California’s Dan Lungren, senior Republican on the Franking Commission, quickly issued a statement saying, “We have never before censored anybody’s presentation of facts this way.” He further points out that the committee has yet to censor any Democratic mailings claiming various numbers of American jobs created by the economic stimulus package, though Republicans question the veracity of those figures, to put it kindly. The response from Susan Davis (D-Calif), chairwoman of the commission, was to say that they were working “in good faith to negotiate a compromise with Republicans” over the barred mailings. Wasn’t this supposed to be an independent, bi-partisan group working outside of party tribal interests?
One anecdotal example of past usage was a mailing received in our district during the early years of the Iraq war. Our congressman, a Democrat, sent out franked mailers which included the phrase “the invasion and occupation of Iraq.” Being an opponent of the war myself, I concurred with the description, but I also realized that it infuriated many Republicans who supported the effort.
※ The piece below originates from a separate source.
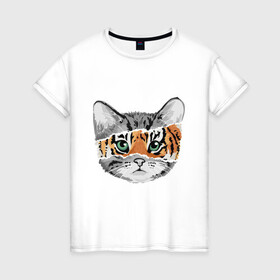 Женская футболка хлопок с принтом Тигровый гот , 100% хлопок | прямой крой, круглый вырез горловины, длина до линии бедер, слегка спущенное плечо | глаза усы | животные | звери | киса | кот | котик | пушистый | рыжий | серий | тигр | уши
They strove mightily to counter such characterizations by consistently using the phrase “the liberation of Iraq.” What we did not see, though, was an attempt to use the Franking Commission to force the Democrats into using the word “liberation.” Had they done so, howls of protest would have rightly emerged. Any attempt at forcing Republicans to use “invasion and occupation” would have also been correctly eschewed.
While judging this scenario we should be careful not to trend too far toward describing this as some sort of impingement upon the free speech rights of the representatives. They may still mail out material which is actually biased if they wish (within reasonable legal limits), but must pay for the postage or the cost of the calls through other funding, rather than having them franked. But as long as the mailing or conference call recording is making some attempt at communicating with their voters and providing information on issues which are of interest to them, restrictions based on franking rules need to be applied with the lightest hand possible.
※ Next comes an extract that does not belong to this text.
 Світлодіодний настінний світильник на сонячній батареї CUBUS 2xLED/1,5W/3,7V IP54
Clearly, we must be vigilant when it comes to the abuse of public funds, even in small amounts. But there is also an obvious need for us to be able to distinguish between a member of parliament filching a few pennies to pursue the usufructs of gallantry with his demimondaine and congressmen speaking plain language to the residents of their districts. I fear, however, that the challenge of reigning in such overreach will be more than this Congress can manage.